Wow, I could reproduce it easily in my updated 64-bit W7 HPE SP1 machine. Why hasn't MS fixed it?
The hatred for Microsoft runs deep in this group, to ignore the fact that the calculations are actually being done by an IEEE-754 compliant floating point processor in the Intel or AMD CPU, and not by Microsoft doing it in their code.
What's fun is having an 80 bit IEEE processing unit on a 64 bit CPU. You can get different answers depending on whether the calculations are done entirely in 80 bit FPU or 64 bit CPU.
So, it isn't Microsoft's failure to fix. It's a known limitation of using a digital computer to "do math".
You might pipe back that the computer could be written to work in arbitrary precision binary coded decimal, but that leaves the problem of errors at the edge of the precision, no matter what that precision is. Even "arbitrary" doesn't mean "unlimited", both for speed and hardware constraints.
If complex FPU math loops cause your calculator app to get wrong answers for problems a grade-school kid can do
The answers are correct to within the precision of the operation. A square root that is off by 1e-39 from the perfect answer of "2" is correct within any reasonable definition of precision.
When it comes to math, "correct" should always win.
A calculator isn't doing "math", which is a representation of reality and not reality itself.
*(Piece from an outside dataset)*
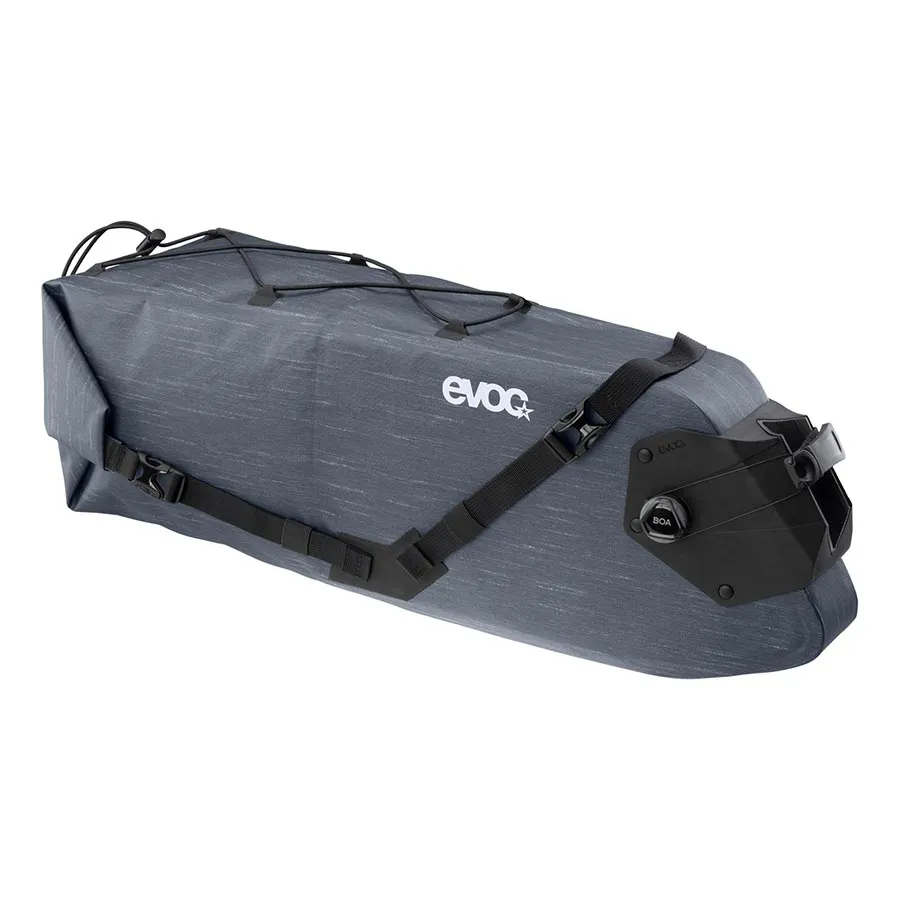 Seat Pack Boa WP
It is calculating numbers. And, because the hardware is a physical thing while math is a theoretical construct, for former cannot achieve perfection while the latter can. The fact that you have to represent a real number as a limited sum of powers of two means you can have an infinite number of "numbers" that you cannot possibly represent perfectly.
Your idea of a lookup table would be interesting, if it weren't unwieldly and horribly impractical.
How strange.
Not strange at all. That is zero within "eps", and is because they are using the Intel or AMD math processor for the square root. WE look at "4" and know the square root is exactly two because we learned that. The CPU goes through a standard algorithm for determining the square root of a number, and because of the inherent imprecision of floating point math with a limited number of bits, the answer is not identical to zero because the square root of 4 is not identical to 2.
Precisely. The post i responded to said it wouldn't return 12, but it does.
Calculator on XP returns 18. Calculator on Win 7 returns 18. I don't have a simple four function calculator handy, but I would bet that it gets 18, too.
This is a problem of algebraic entry vs. RPN. The former requires look-ahead to know the right answer. "If the next operator which hasn't been pressed yet is mult or div I don't do this add or sub yet ...".
The "calculator" that came stock with my Galaxy Tab doesn't do immediate operations, it records the equation you enter and then processes it when you press "=". It gets 12.